The Solomon Islands will start on its TNA process in 2020 as part of the TNA IV project, at which point it will start deciding its priority sectors and technologies for both mitigation and adaptation.
The Solomon Islands consist of an archipelago of 994 islands located in the south-west Pacific Ocean and have a population of approximately 674,900 (2019 est.). This island nation consists of both mountainous, volcanic islands and low-lying coral atolls in a tuna- and mineral-rich area. Most people’s livelihoods rely on agriculture, fishing and forestry, while most manufactured products and petroleum are imported.
The Solomon Islands have a tropical climate which is both hot and humid, relieved by cool winds and year-round rainfall. The country is highly vulnerable to extreme rainfall, droughts, floods, king tides and sea-level rises, which are expected to be more severe and to occur more frequently with climate change.

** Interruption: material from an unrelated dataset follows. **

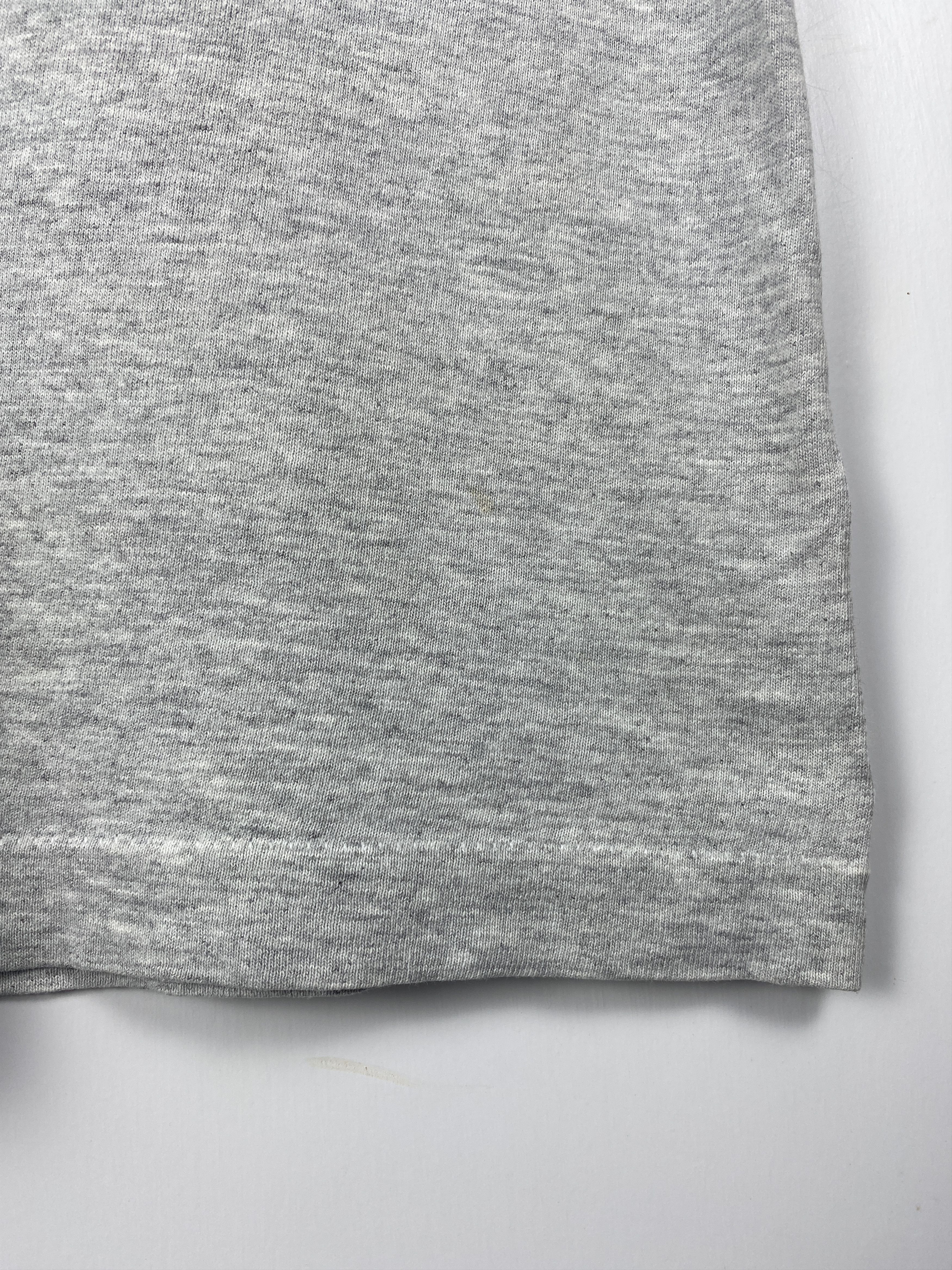 Vintage Vintage Paul Bristor London Made In E.E.C. Tee T0004 Size US L / EU 52-54 / 3 - 7 Thumbnail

Classed as an SIDS and an LDC, the Solomon Islands are facing both constraints and challenges in relation to climate change adaption and mitigation. In the country’s first NDC, strong emphasis is placed on the importance of climate change-adaptation strategies due to the high level of vulnerability. Although the Solomon Islands is a low-emissions country, it is still committed to reducing emissions by 12% below 2015 levels by 2025 and by 30% below 2015 levels by 2030 compared to a business as usual scenario.